What to Buy for www and non-www Coverage
| Your situation | Certificate to buy | Where to buy | Annual cost |
| Single domain: example.com and www.example.com only | Single-domain DV certificate for example.com | Certera, SSLs.com, Namecheap | $4.99/yr (Certera) |
| Single domain plus specific named subdomains (shop, blog) | Multi-domain SAN DV or individual certificates per subdomain | Certera, SSL Dragon | From $8/yr for multi-domain |
| Single domain plus all possible subdomains | Wildcard DV certificate for *.example.com | Certera, Namecheap | ~$35/yr (Certera) |
| Single domain with verified business name in certificate details | Single-domain OV certificate for example.com (includes www automatically) | Certera, Namecheap | ~$49/yr (Certera) |
| Multiple unrelated domain names on one certificate | Multi-domain SAN DV or OV certificate | Certera, SSL Dragon | From $10/yr DV, $60/yr OV |
All pricing is per year for a single-year term.

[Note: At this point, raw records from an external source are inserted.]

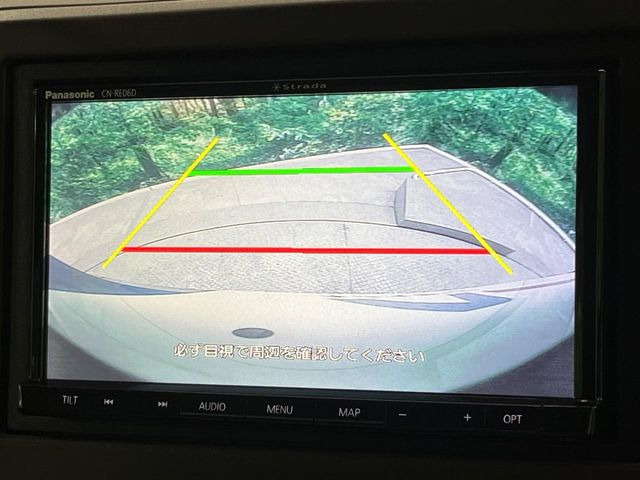 【バックカメラ】駐車時に後方がリアルタイム映像で確認できます。大型商業施設や立体駐車場での駐車時や、夜間のバック時に大活躍!運転スキルに関わらず、今や必須となった装備のひとつです!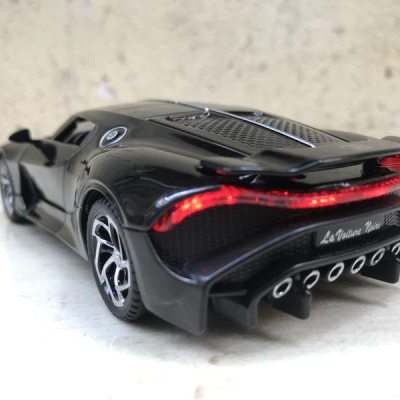 Mô hình xe Ô TÔ Bugatti La Voiture Noire tỷ lệ 1:32
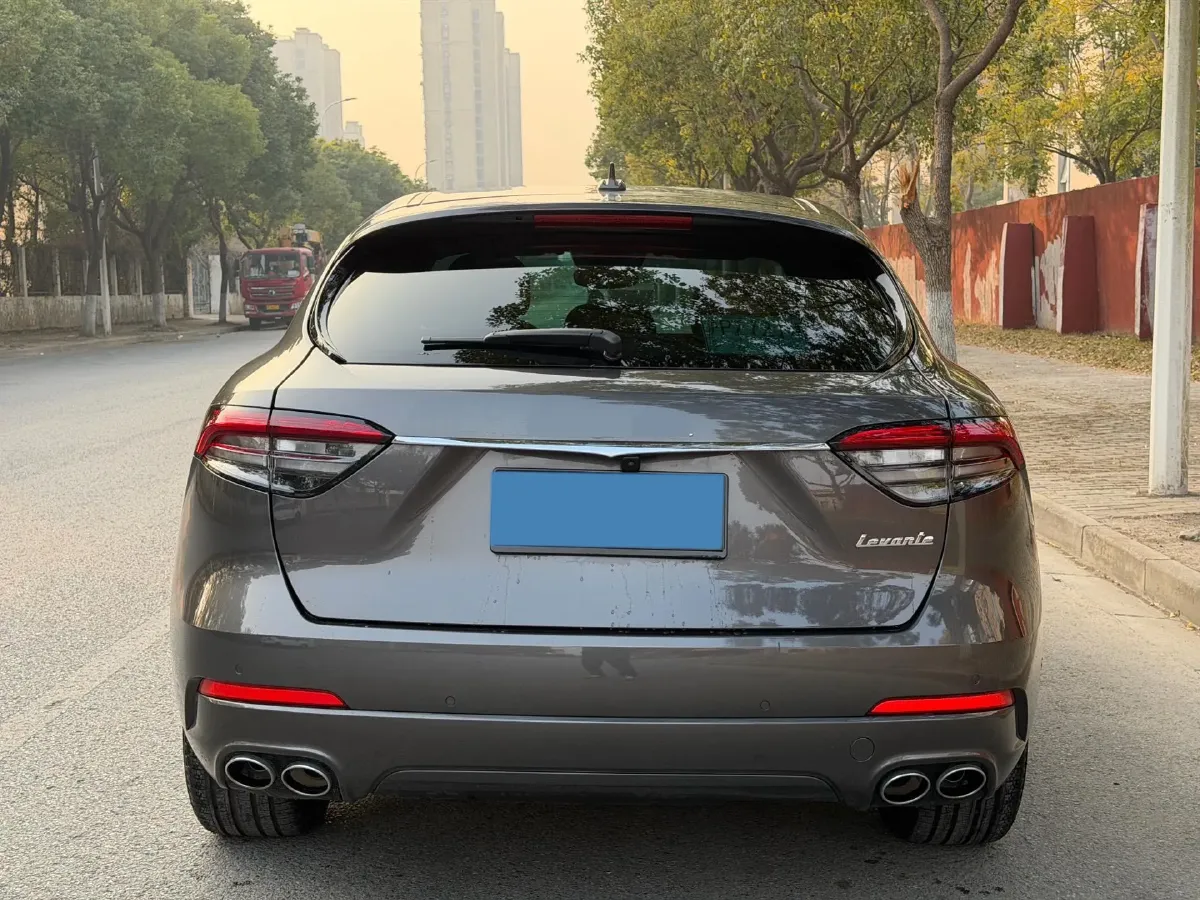 2022 Maserati Levante 2.0T 330HP L4 8AT,autocango,china used car exporter,china ev exporter,chinese used car exporter,chinese used ev exporter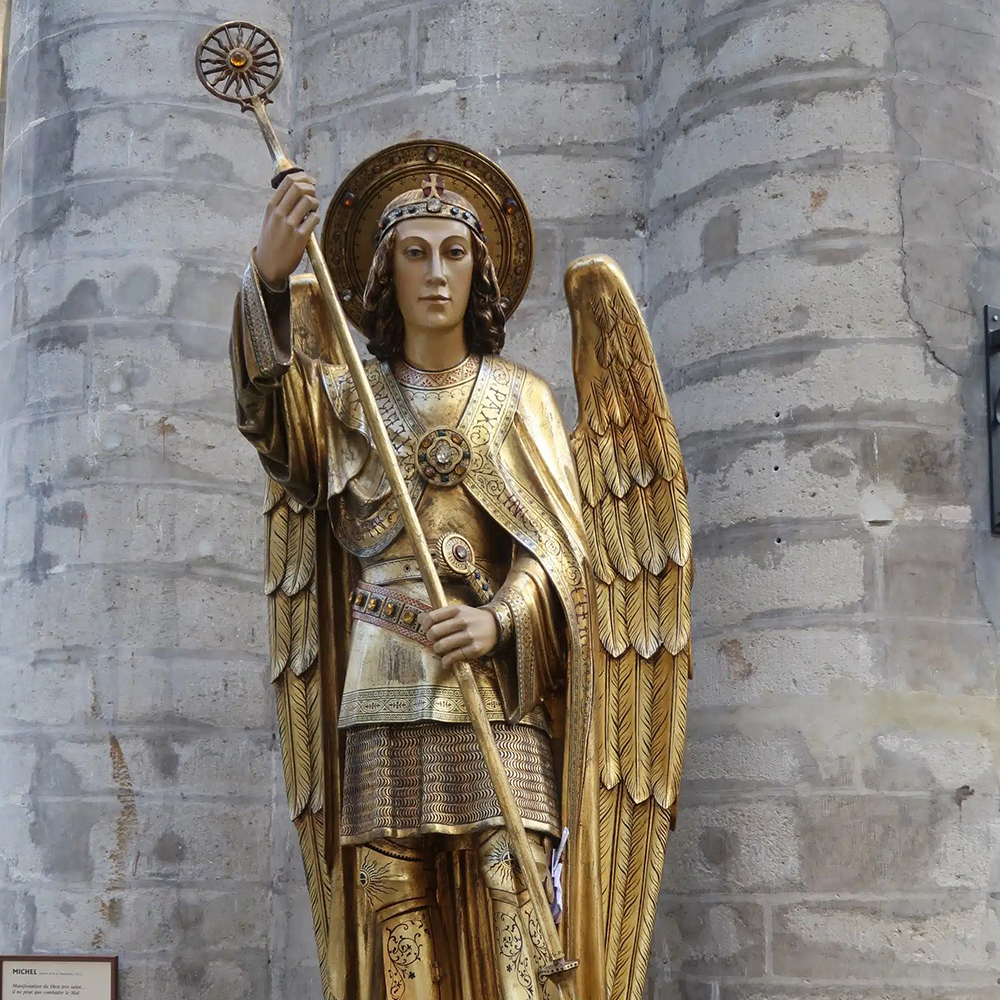 Statue-de-Saint-Michel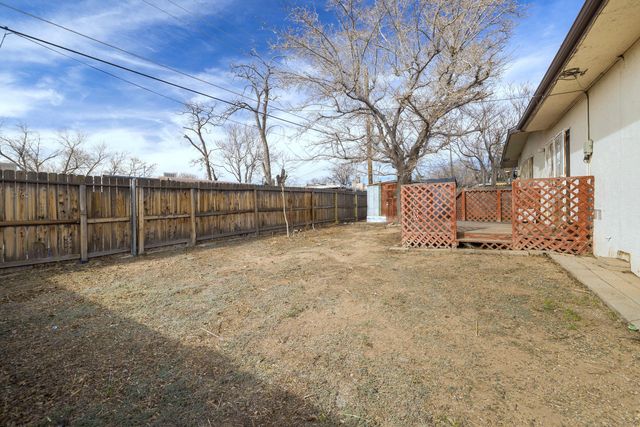 625 Grace Street NE, Albuquerque, NM 87123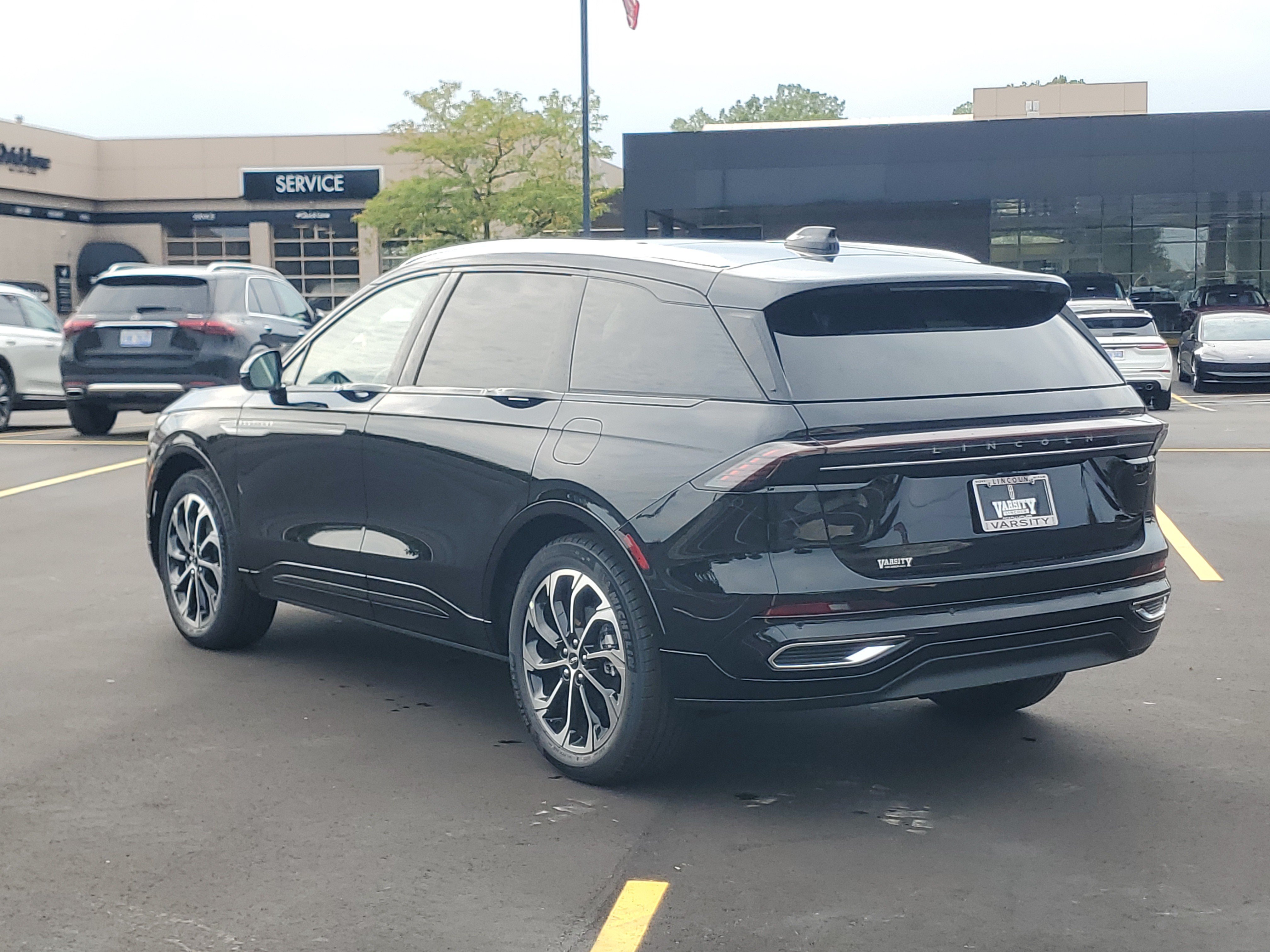 New 2026 Lincoln Nautilus Reserve AWD/4WD image 3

Multi-year subscriptions at 2 or 3 years reduce the effective annual rate by 20-30%. For a single domain needing only www and non-www coverage, the Sectigo PositiveSSL DV from Certera at $4.99/year is the correct and complete answer.
Frequently Asked Questions
My certificate shows only www.example.com in the browser. Is the bare domain covered?
Check the Subject Alternative Names field, not just the Common Name. Older certificate display interfaces sometimes show only the Common Name (which may be www.example.com) while the SAN field lists both www.example.com and example.com. Use the OpenSSL command above or view the full certificate details in the browser’s security panel to confirm both are in the SAN field. A correctly issued single-domain certificate will list both.
I ordered a certificate for www.example.com. Does example.com automatically get covered?
Yes, under the same CA/B Forum requirement. If you order a certificate for www.example.com, the CA includes example.com as an additional SAN. The reverse also applies: ordering for example.com includes www.example.com. Either entry point produces a certificate valid for both.
Does my hosting provider’s free SSL cover both www and non-www?
For the large majority of managed hosting providers (SiteGround, WP Engine, Kinsta, DreamHost, Hostinger, Wix, Webflow, Netlify, Vercel), yes. They use Let’s Encrypt or similar automated ACME provisioning, which issues certificates following the same CA/B Forum standard that includes both variants. You can verify by checking the certificate details in the browser on your hosted site , the SAN field should show both example.com and www.example.com.